> **Exercise data**:
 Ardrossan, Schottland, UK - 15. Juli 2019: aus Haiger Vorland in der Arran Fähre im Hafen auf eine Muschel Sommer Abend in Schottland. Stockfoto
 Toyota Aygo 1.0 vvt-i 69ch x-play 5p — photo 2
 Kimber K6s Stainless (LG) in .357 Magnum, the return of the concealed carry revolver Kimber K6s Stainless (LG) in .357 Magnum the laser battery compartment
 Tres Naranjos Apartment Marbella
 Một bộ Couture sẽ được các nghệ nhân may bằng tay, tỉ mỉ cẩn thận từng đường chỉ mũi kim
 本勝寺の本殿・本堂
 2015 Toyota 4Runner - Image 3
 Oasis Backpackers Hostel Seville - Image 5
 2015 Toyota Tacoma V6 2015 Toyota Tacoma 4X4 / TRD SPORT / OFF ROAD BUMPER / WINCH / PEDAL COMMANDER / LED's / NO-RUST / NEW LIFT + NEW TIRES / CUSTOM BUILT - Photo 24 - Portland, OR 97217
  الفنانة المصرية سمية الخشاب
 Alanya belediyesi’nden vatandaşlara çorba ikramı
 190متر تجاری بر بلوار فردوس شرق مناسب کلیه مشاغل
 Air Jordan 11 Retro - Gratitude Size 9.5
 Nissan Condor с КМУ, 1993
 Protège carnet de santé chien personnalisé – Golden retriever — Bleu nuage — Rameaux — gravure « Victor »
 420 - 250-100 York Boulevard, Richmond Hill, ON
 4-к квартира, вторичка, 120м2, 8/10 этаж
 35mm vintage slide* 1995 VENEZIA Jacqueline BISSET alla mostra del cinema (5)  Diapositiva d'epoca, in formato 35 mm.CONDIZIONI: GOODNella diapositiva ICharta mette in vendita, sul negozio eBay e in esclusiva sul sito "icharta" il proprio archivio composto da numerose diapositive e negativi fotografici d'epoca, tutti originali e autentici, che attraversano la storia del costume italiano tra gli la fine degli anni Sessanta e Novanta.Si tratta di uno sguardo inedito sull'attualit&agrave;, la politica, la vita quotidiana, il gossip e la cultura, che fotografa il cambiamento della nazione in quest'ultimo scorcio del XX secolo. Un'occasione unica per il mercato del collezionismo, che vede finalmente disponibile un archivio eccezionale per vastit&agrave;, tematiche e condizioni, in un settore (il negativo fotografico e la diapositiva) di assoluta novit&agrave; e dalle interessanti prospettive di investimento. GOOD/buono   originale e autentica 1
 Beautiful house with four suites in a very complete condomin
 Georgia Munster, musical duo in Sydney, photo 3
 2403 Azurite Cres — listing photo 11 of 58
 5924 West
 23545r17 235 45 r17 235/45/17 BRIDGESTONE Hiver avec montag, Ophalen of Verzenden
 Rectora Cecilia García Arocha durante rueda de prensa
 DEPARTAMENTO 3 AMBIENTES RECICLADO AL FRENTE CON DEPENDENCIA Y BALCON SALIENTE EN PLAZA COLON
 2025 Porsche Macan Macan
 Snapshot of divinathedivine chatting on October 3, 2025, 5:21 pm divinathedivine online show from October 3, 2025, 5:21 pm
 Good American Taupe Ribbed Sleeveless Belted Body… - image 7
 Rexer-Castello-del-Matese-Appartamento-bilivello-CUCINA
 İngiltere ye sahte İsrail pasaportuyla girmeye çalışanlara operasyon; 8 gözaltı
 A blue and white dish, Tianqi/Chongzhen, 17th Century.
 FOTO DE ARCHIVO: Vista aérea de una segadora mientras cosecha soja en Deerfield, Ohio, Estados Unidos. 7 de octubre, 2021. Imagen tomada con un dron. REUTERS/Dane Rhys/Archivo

> **What is being asked**:
Copy the lines above exactly. Start with the line containing "Toyota Aygo 1.0", end with the line containing "Rectora Cecilia García", and include both.

> **Solution to the exercise**:
 Toyota Aygo 1.0 vvt-i 69ch x-play 5p — photo 2
 Kimber K6s Stainless (LG) in .357 Magnum, the return of the concealed carry revolver Kimber K6s Stainless (LG) in .357 Magnum the laser battery compartment
 Tres Naranjos Apartment Marbella
 Một bộ Couture sẽ được các nghệ nhân may bằng tay, tỉ mỉ cẩn thận từng đường chỉ mũi kim
 本勝寺の本殿・本堂
 2015 Toyota 4Runner - Image 3
 Oasis Backpackers Hostel Seville - Image 5
 2015 Toyota Tacoma V6 2015 Toyota Tacoma 4X4 / TRD SPORT / OFF ROAD BUMPER / WINCH / PEDAL COMMANDER / LED's / NO-RUST / NEW LIFT + NEW TIRES / CUSTOM BUILT - Photo 24 - Portland, OR 97217
  الفنانة المصرية سمية الخشاب
 Alanya belediyesi’nden vatandaşlara çorba ikramı
 190متر تجاری بر بلوار فردوس شرق مناسب کلیه مشاغل
 Air Jordan 11 Retro - Gratitude Size 9.5
 Nissan Condor с КМУ, 1993
 Protège carnet de santé chien personnalisé – Golden retriever — Bleu nuage — Rameaux — gravure « Victor »
 420 - 250-100 York Boulevard, Richmond Hill, ON
 4-к квартира, вторичка, 120м2, 8/10 этаж
 35mm vintage slide* 1995 VENEZIA Jacqueline BISSET alla mostra del cinema (5)  Diapositiva d'epoca, in formato 35 mm.CONDIZIONI: GOODNella diapositiva ICharta mette in vendita, sul negozio eBay e in esclusiva sul sito "icharta" il proprio archivio composto da numerose diapositive e negativi fotografici d'epoca, tutti originali e autentici, che attraversano la storia del costume italiano tra gli la fine degli anni Sessanta e Novanta.Si tratta di uno sguardo inedito sull'attualit&agrave;, la politica, la vita quotidiana, il gossip e la cultura, che fotografa il cambiamento della nazione in quest'ultimo scorcio del XX secolo. Un'occasione unica per il mercato del collezionismo, che vede finalmente disponibile un archivio eccezionale per vastit&agrave;, tematiche e condizioni, in un settore (il negativo fotografico e la diapositiva) di assoluta novit&agrave; e dalle interessanti prospettive di investimento. GOOD/buono   originale e autentica 1
 Beautiful house with four suites in a very complete condomin
 Georgia Munster, musical duo in Sydney, photo 3
 2403 Azurite Cres — listing photo 11 of 58
 5924 West
 23545r17 235 45 r17 235/45/17 BRIDGESTONE Hiver avec montag, Ophalen of Verzenden
 Rectora Cecilia García Arocha durante rueda de prensa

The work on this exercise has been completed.